For numbers like this, I can convert to a numeric and multiply/divide/add/subtract to create a random number that maintains integrity, but how can I handle this for instances where there are non-numerics?
I attempted to use HASHBYTES but am getting lots of strange characters. Is there another method that could generate a random value and maintain consistency throughout the dataset?
RIGHT(convert(NVARCHAR(10), HASHBYTES('MD5', SSN)),10) as SSN
RESULTS:
댛량뇟㻣砖聋蠤
I've read a number of articles about this, but I couldn't find much about maintaining consistency across multiple claims. I appreciate any feedback.

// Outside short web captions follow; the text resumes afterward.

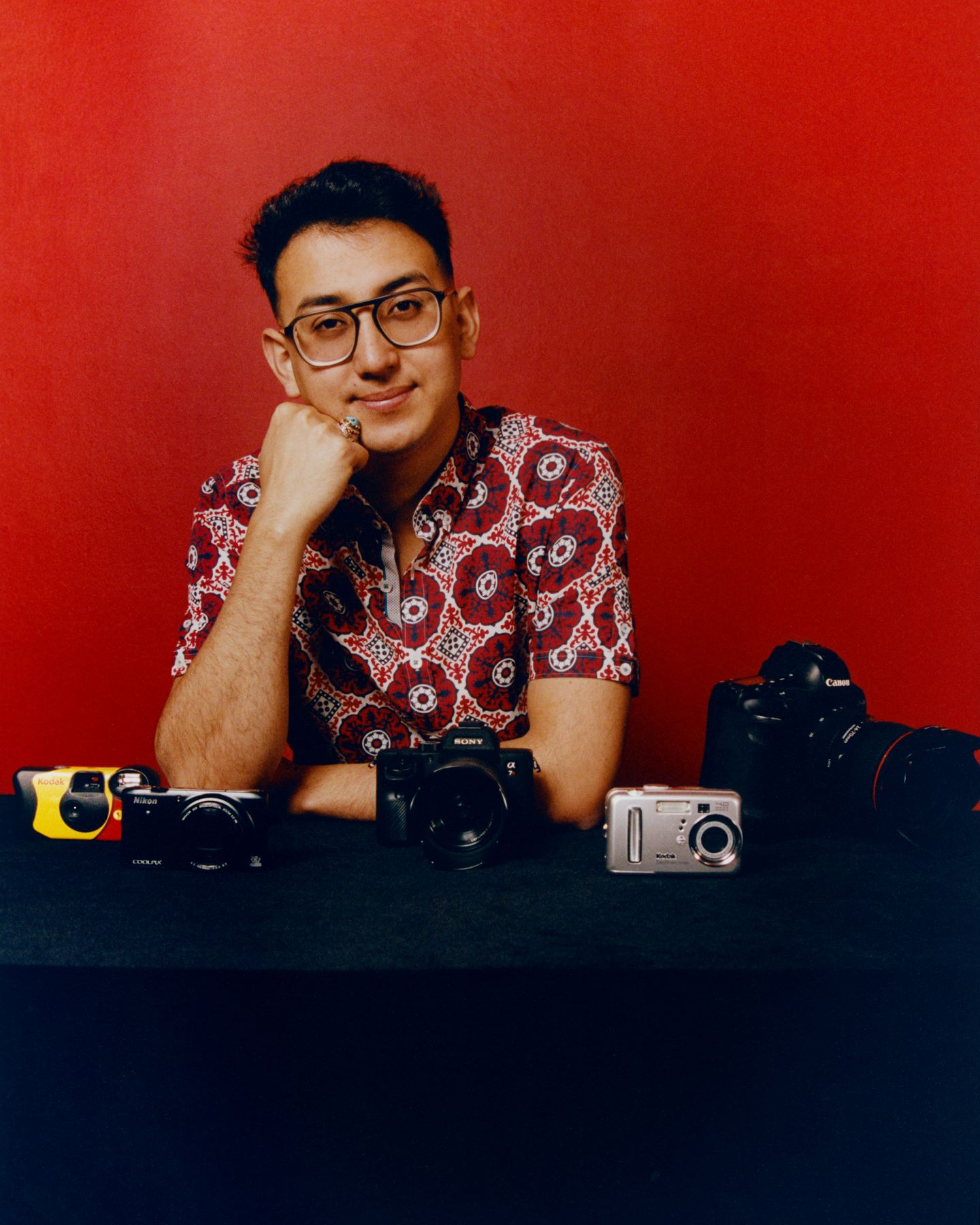 Man with camera collection Amir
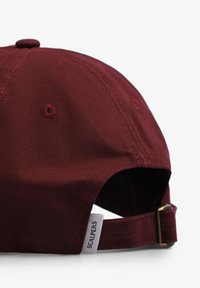 Gorra de algodón burdeos con un diseño bordado, visera curvada y correa ajustable con herrajes de metal, marcada con una etiqueta.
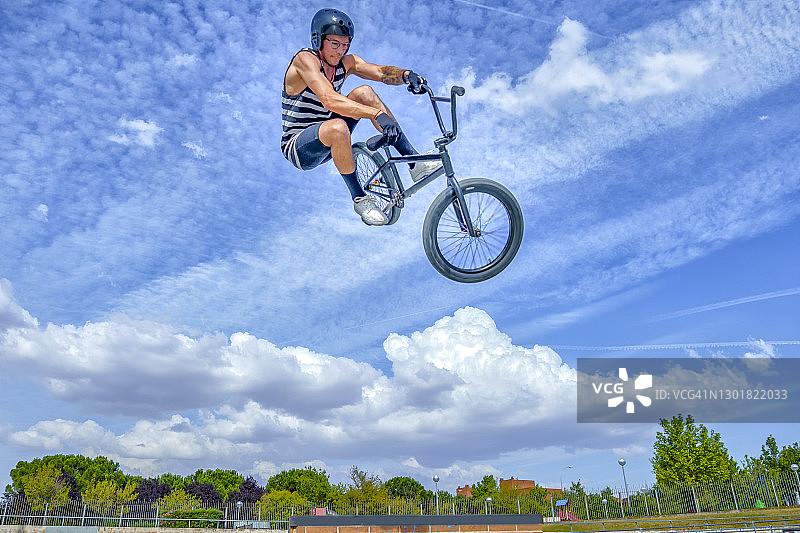 无忧无虑的人骑着自行车在自行车公园的蓝天上跳跃图片素材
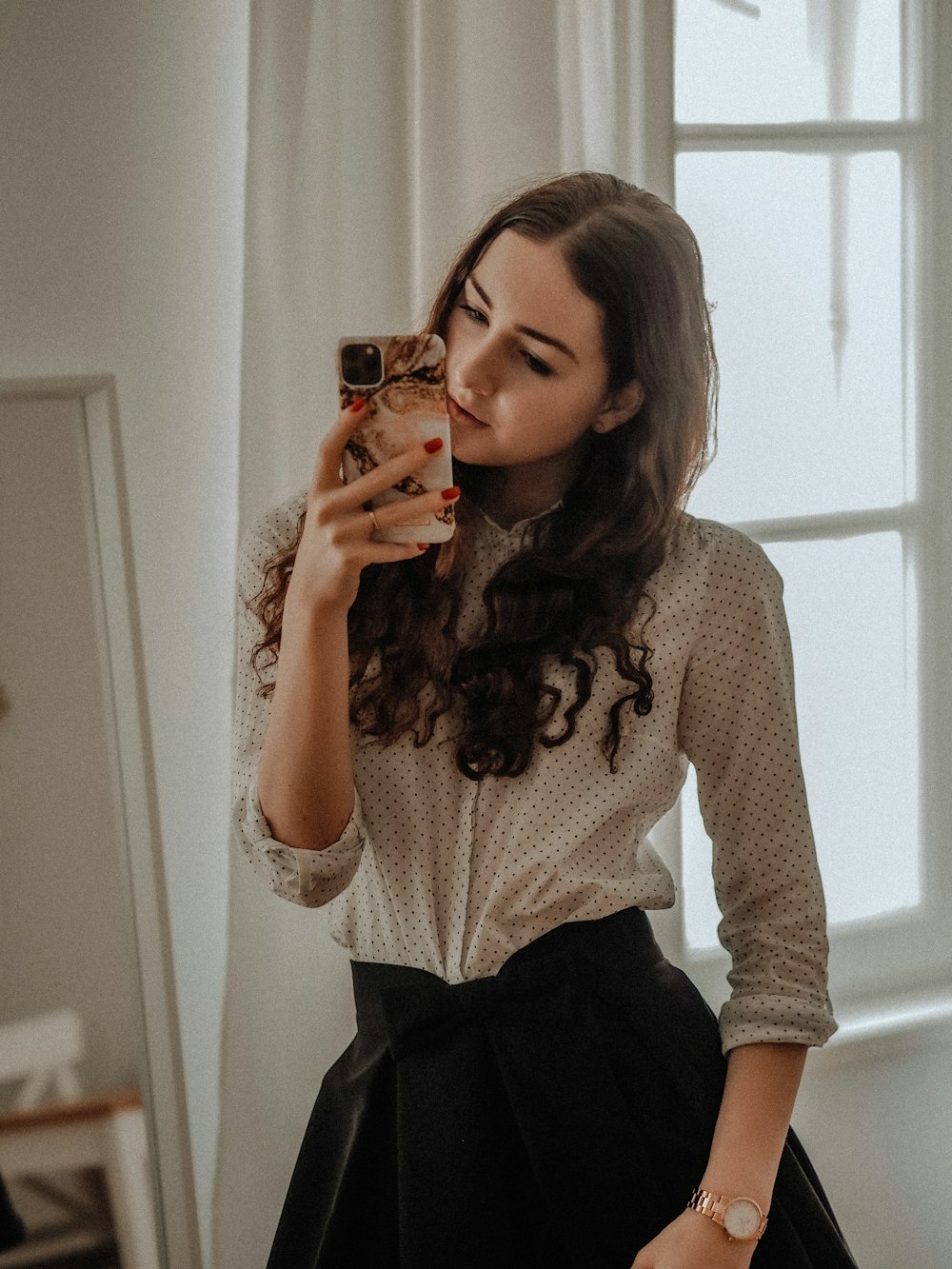 woman in white long sleeve shirt and black skirt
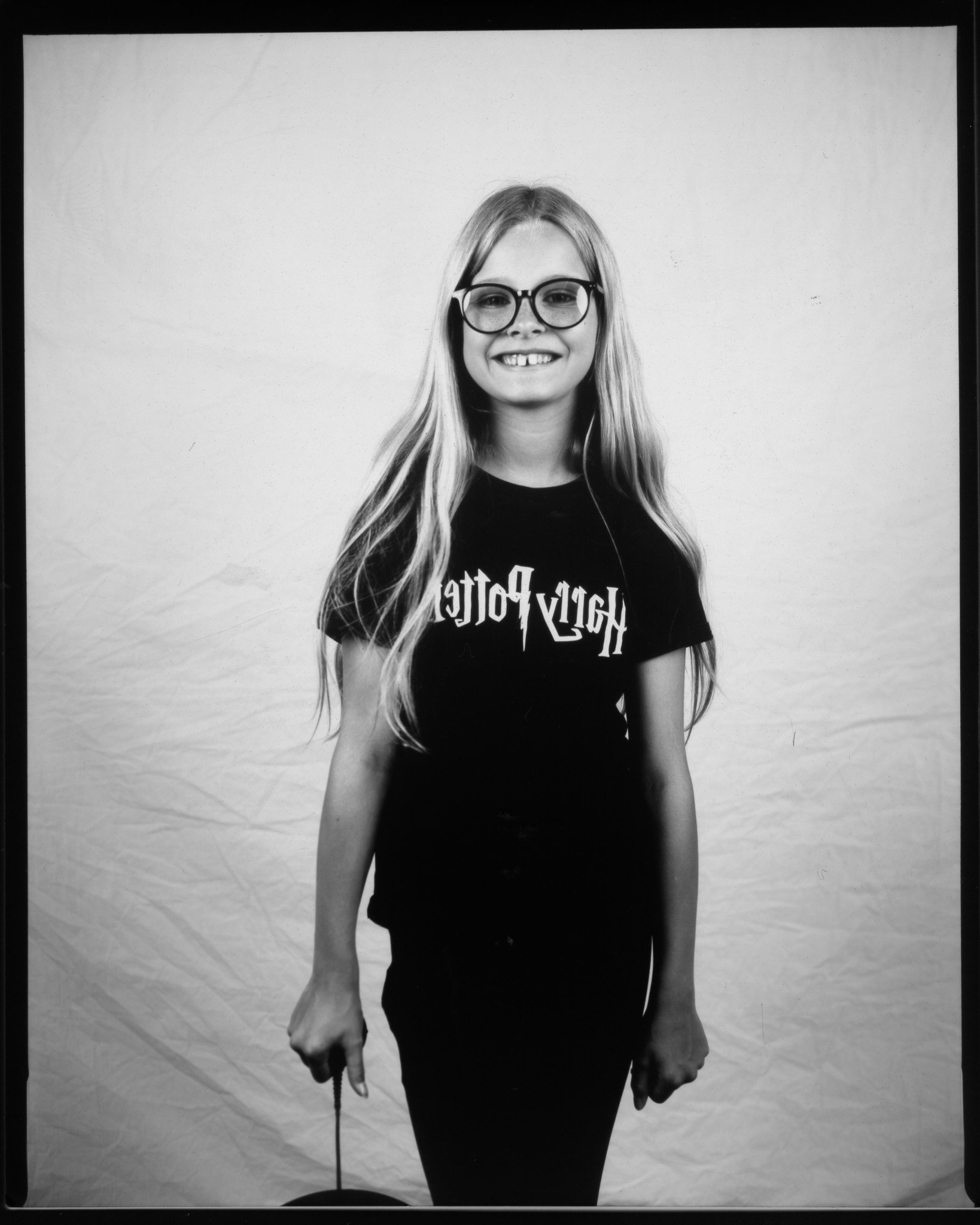 Black and white image of a child smiling in front of a white sheet, pressing a remote with a wire trailing.
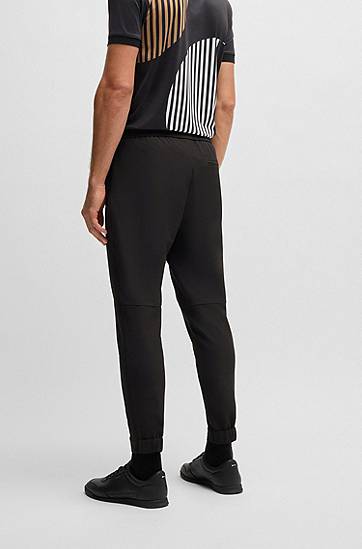 Tepláky BOSS Water-Repellent Tapered Stretch Trousers Čierna | 50534313, 1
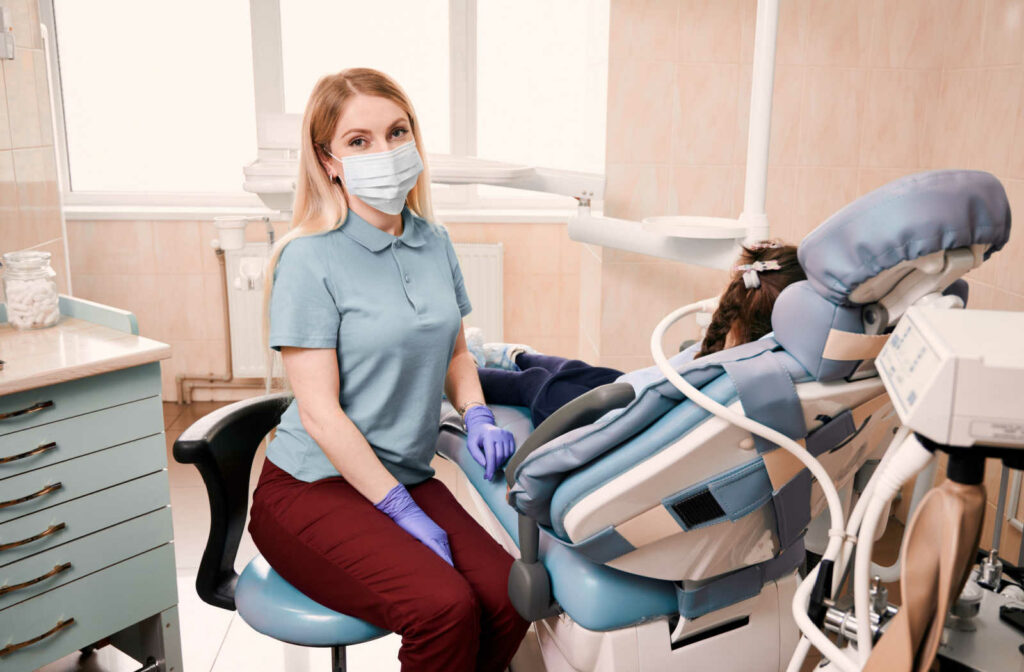 Female dentist sitting next to a dental chair with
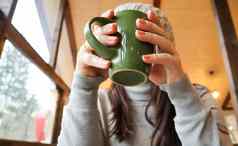 关闭女手喝杯子女孩灰色的毛衣持有杯咖啡可可咖啡馆表格窗口热喝舒适的照片模糊的背景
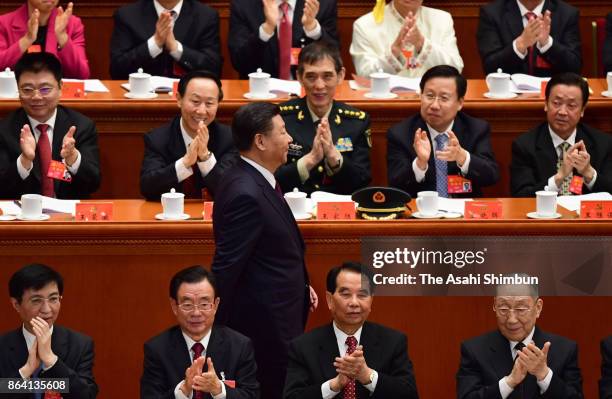 Chinese President Xi Jinping walks after delivering his speech during the opening session of the 19th Communist Party Congress held at the Great Hall...
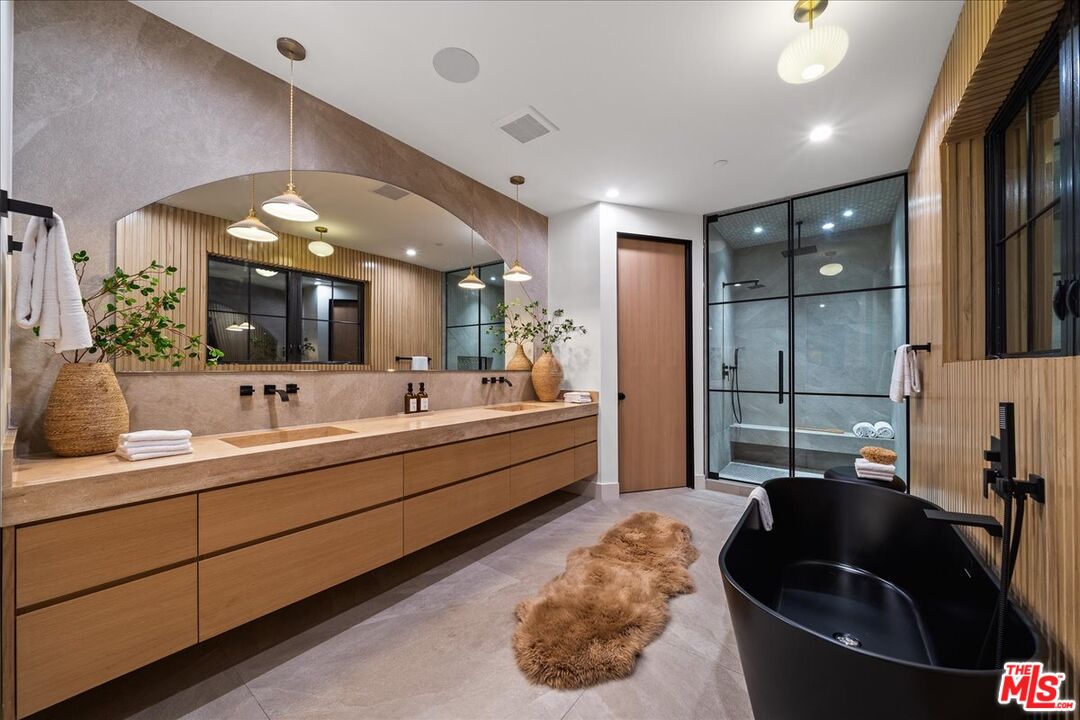 11317 Valley Spring Lane Studio City, CA 91602 - Photo 7 of 40 a large bathroom with a double vanity sink a mirror and a bathtub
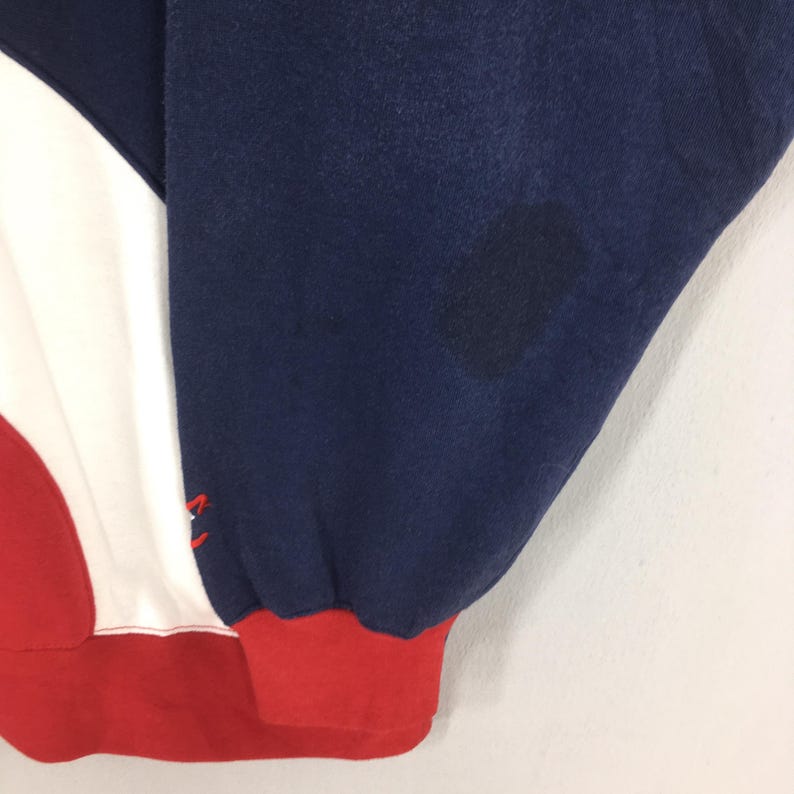 May include: Close-up of a section of a sweatshirt. The design features a color block pattern with navy blue, white, and red sections. The cuff is red. There is a dark stain on the navy blue fabric.
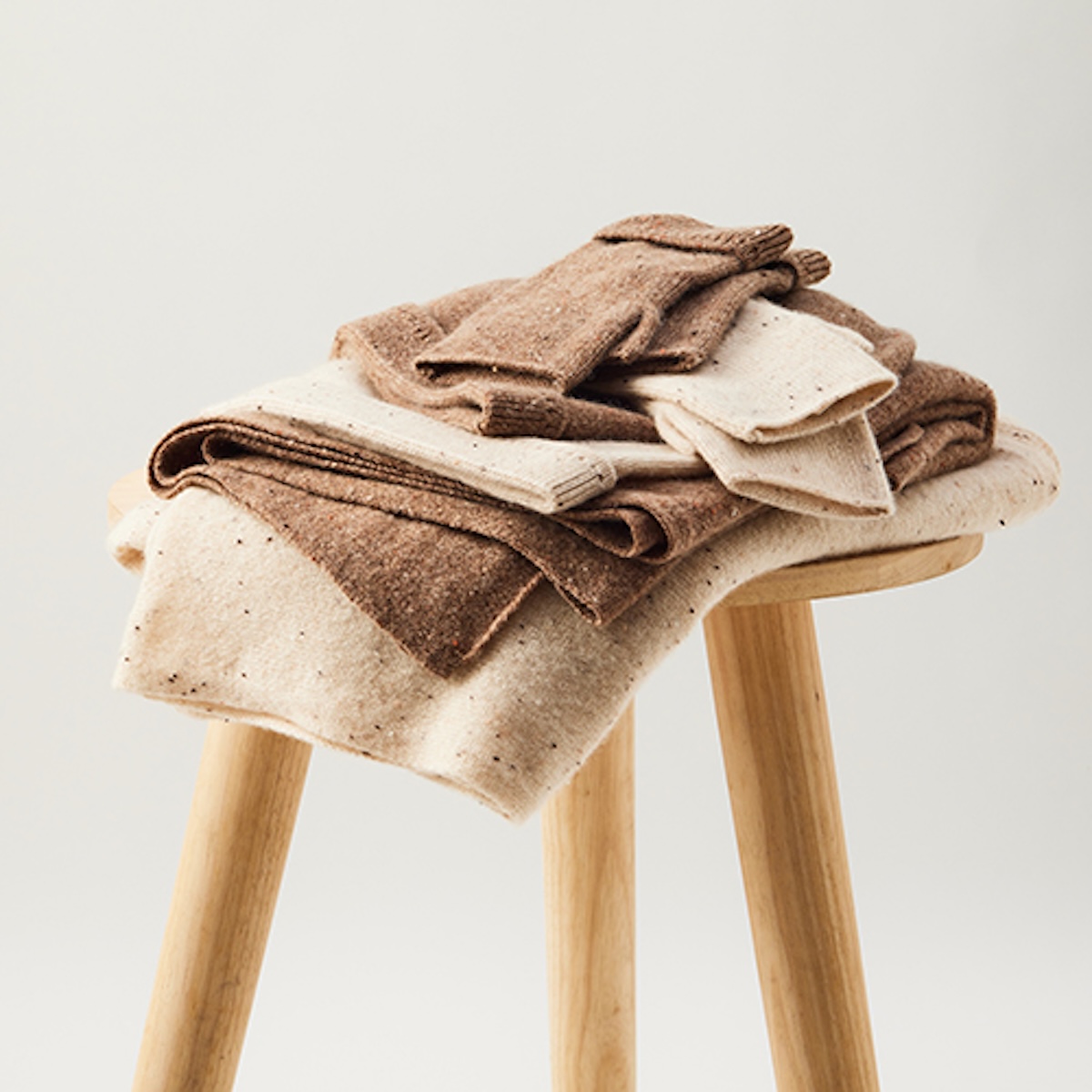 Cashmere knitwear folded on a wooden stool against a soft grey backdrop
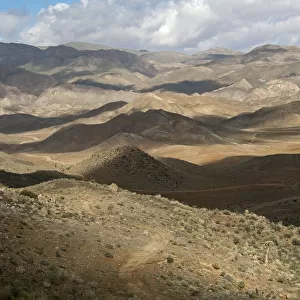 Interplay of light and shadow on a hilly landscape, Richtersveld, Richtersveld Nationalpark, Northern Cape, South Africa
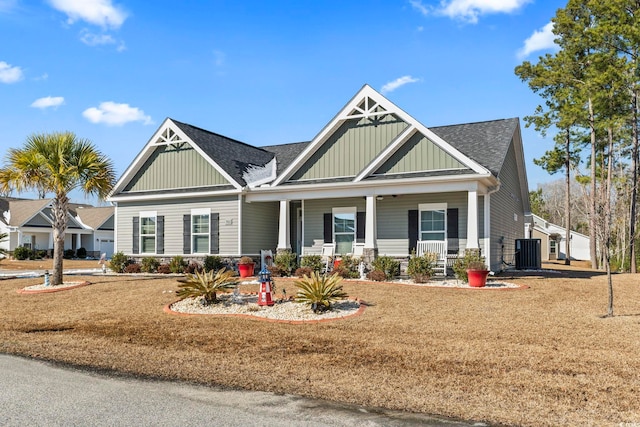 craftsman inspired home with a porch, a front lawn, and central air condition unit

I think you want printable characters. In that case, you can use the CONVERT
function to translate the bytes result of a HASHBYTES
to a hex representation as string. Just make sure to pass the value 2
as the third parameter.
DECLARE @SomeValue VARCHAR(100) = CONVERT(VARCHAR(100), NEWID())
SELECT
@SomeValue AS Original,
CONVERT(
VARCHAR(20),
HASHBYTES('MD5', @SomeValue),
2) AS Scrambled
A few results:
Original Scrambled
BC9EC2E0-2009-45FA-AA95-64585B815BD9 A33AEBC011E9188EB97E
6FF7E0FE-E054-49D7-A451-80111BF5B200 94F93C6A5CBD0E56C70B
C8F8CD77-96B7-4B74-84B7-4EB3412C6CE7 2994341068CE8C4E1EF9
Put the length you want as the varchar target in the first parameter.
Please be advised that hash functions might generate same result on different inputs, and it will specially if you are truncating the result to the first N characters.